* Work instructions *
Repeat the whole listing word for word, skipping pictures.

* Data *
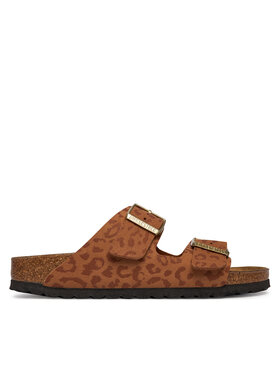 Birkenstock Šlepetės Birkenstock Arizona 1031926 Ruda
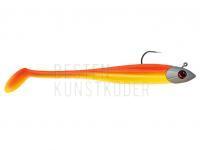 Gummifishe Delalande Speed Slim 10cm 5g - 98 - Island Bay BESTEN KUNSTKODER Angelshop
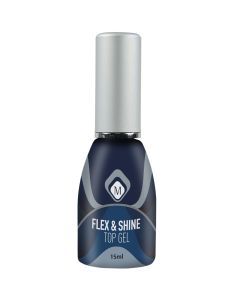 Magnetic Flex & Shine UV Top Gel 15ml 104153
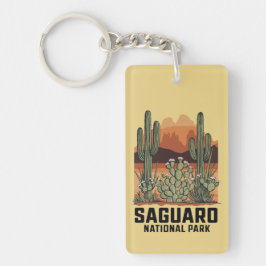 Saguaro nationalpark Cactus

* Task solution *
 Birkenstock Šlepetės Birkenstock Arizona 1031926 Ruda
 Gummifishe Delalande Speed Slim 10cm 5g - 98 - Island Bay BESTEN KUNSTKODER Angelshop
 Magnetic Flex & Shine UV Top Gel 15ml 104153
 Saguaro nationalpark Cactus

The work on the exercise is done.